▸ Exercise
The answer must be a single number: how many lines in the records below contain the word "avec".
[Opening Exercise data section]
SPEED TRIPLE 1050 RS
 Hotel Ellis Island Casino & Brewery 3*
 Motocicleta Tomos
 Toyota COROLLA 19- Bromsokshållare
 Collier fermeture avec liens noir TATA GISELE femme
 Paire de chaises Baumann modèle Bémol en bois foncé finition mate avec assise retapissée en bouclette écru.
[Closing Exercise data section]
▸ Expected answer
2